Immigration Refusals & Appeals

Dealing with immigration refusals head on

After months of hard work and sometimes years of waiting patiently for an application to be finalized, nothing could be more heartbreaking than to receive a refusal. Suddenly, all of one’s hopes and dreams of coming to Canada or of being reunited with a loved one seem to be dissolve before one’s very own eyes. But despite the initial shock of a negative decision, there are number of legal options that an experienced immigration practitioner can pursue to turn a refusal into a positive decision. The key is to act fast.

Not every case has the merits of being appealed

Sometimes a refusal does not warrant an appeal. Instead, in certain cases it is advisable to simply reapply again under the same program. For example, an applicant under a Skilled Worker application who scored very little on an English proficiency exam, resulting in a final assessment well below the required 67 points would not make a good case for filing a Judicial Review to Federal Court, as it cannot be said that the visa officer erred in fact or in law. On the other hand, an applicant whose final score was 66 points might have a strong case, arguing that the visa officer failed to properly consider using their discretion to award the missing point. If a visa officer makes an outright mistake in fact, policy or law, fetters their discretion or behaves unreasonably during a personal interview, an appeal may be advisable.

Appeal avenues:

Presently, there are two legal avenues to pursue an appeal: The Immigration Appeal Division (IAD) and the Federal Court of Canada.

Immigration Appeal Division

Canadian immigration law allows certain types of applications to be appealed at the IAD. These include Canadian sponsors whose applications to bring family members to Canada have been refused, appeals of removal orders made against permanent residents, refugees and protected persons, and appeals from permanent residents outside of Canada who have been found not to have met their residency obligations.

Federal Court of Canada

When there is no statutory right of appeal, applications that have been refused (such as Skilled Worker applications) can be reviewed at the Federal Court level through an application for Judicial Review. Unfavorable decisions by the IAD can also be submitted to Federal Court for a Judicial Review.
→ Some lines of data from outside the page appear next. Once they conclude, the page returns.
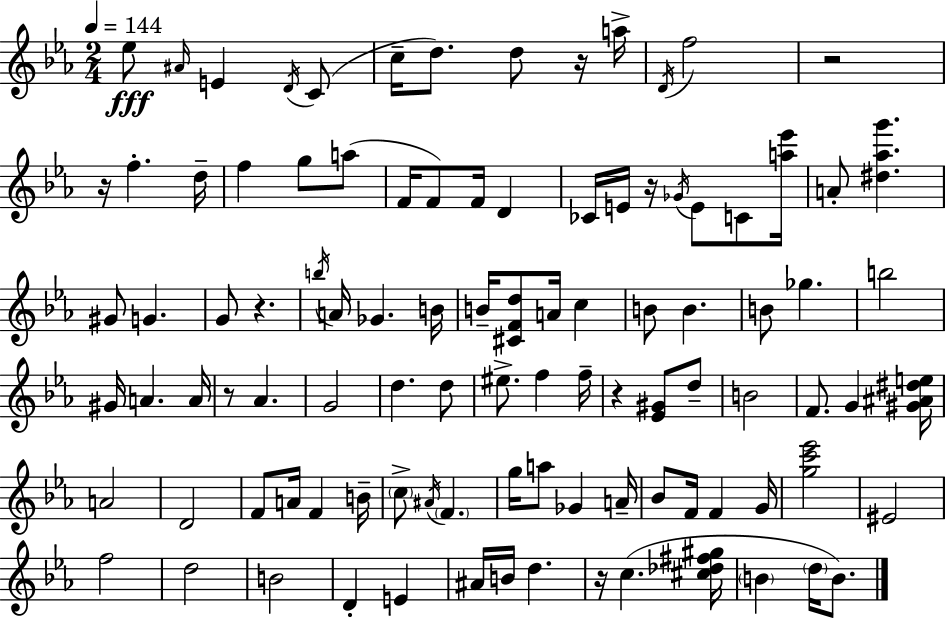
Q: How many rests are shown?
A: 8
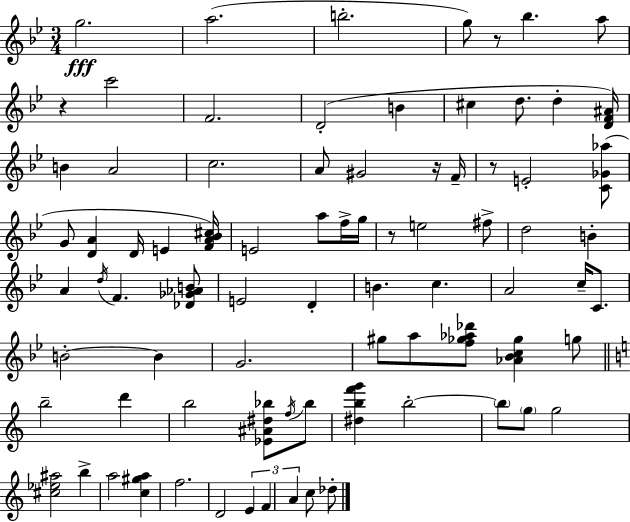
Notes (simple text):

G5/h. A5/h. B5/h. G5/e R/e Bb5/q. A5/e R/q C6/h F4/h. D4/h B4/q C#5/q D5/e. D5/q [D4,F4,A#4]/s B4/q A4/h C5/h. A4/e G#4/h R/s F4/s R/e E4/h [C4,Gb4,Ab5]/e G4/e [D4,A4]/q D4/s E4/q [F4,A4,Bb4,C#5]/s E4/h A5/e F5/s G5/s R/e E5/h F#5/e D5/h B4/q A4/q D5/s F4/q. [Db4,Gb4,Ab4,B4]/e E4/h D4/q B4/q. C5/q. A4/h C5/s C4/e. B4/h B4/q G4/h. G#5/e A5/e [F5,Gb5,Ab5,Db6]/e [Ab4,Bb4,C5,Gb5]/q G5/e B5/h D6/q B5/h [Eb4,A#4,D#5,Bb5]/e F5/s Bb5/e [D#5,B5,F6,G6]/q B5/h B5/e G5/e G5/h [C#5,Eb5,A#5]/h B5/q A5/h [C5,G#5,A5]/q F5/h. D4/h E4/q F4/q A4/q C5/e Db5/e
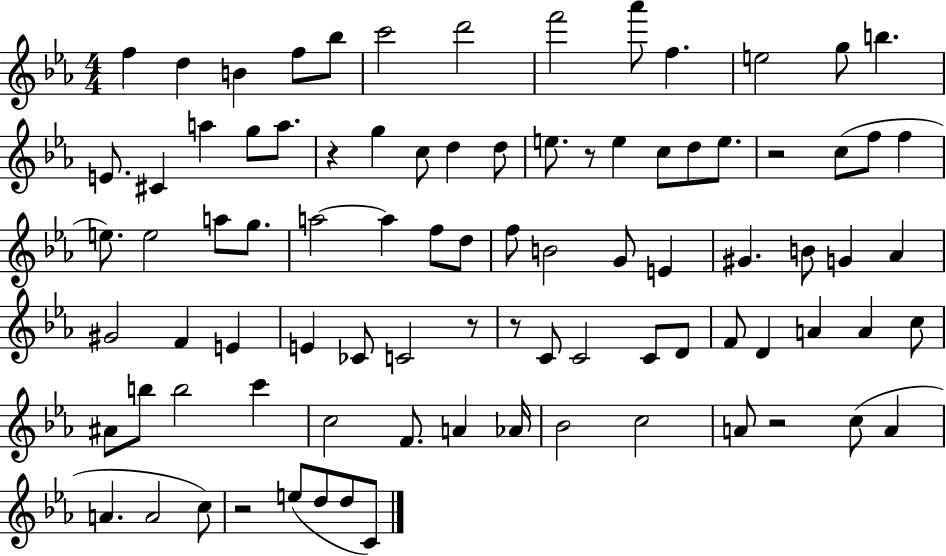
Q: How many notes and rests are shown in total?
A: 88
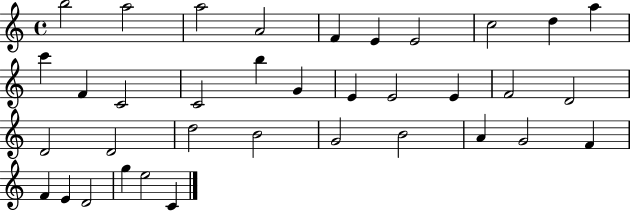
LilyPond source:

{
  \clef treble
  \time 4/4
  \defaultTimeSignature
  \key c \major
  b''2 a''2 | a''2 a'2 | f'4 e'4 e'2 | c''2 d''4 a''4 | \break c'''4 f'4 c'2 | c'2 b''4 g'4 | e'4 e'2 e'4 | f'2 d'2 | \break d'2 d'2 | d''2 b'2 | g'2 b'2 | a'4 g'2 f'4 | \break f'4 e'4 d'2 | g''4 e''2 c'4 | \bar "|."
}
It is important to note that the IAD and Federal Court operate on very different set of rules, each with their own filing deadlines and procedures. Generally, IAD appeals must be filed within thirty or sixty days, depending on the matter, and Federal Court appeals must be filed within fifteen or sixty days after the applicant receives a refusal.

For this reason, if you receive a refusal on any immigration application, we suggest you immediately contact one of our experienced lawyers to be advised on the following issues:

  • Does the refusal merit the costs and expenses of an appeal or is re-submitting a better strategy? In other words, is it essential to file an appeal? In many cases the answer is yes!
  • What is the right institution to fight the refusal?
  • What is the deadline to file an appeal or judicial review?
  • What are the procedural steps to follow?
  • What is the timeline of the appeal process?
  • What happens after an appeal is won?

Remember, waiting to contact an immigration practitioner after receiving a refusal can be a costly mistake in light of the strict filing deadlines. If you have an application that has been refused or have been ordered to leave Canada, always keep in mind that in most cases legal options exist that can resolve your immigration matters, no matter how daunting they may seem.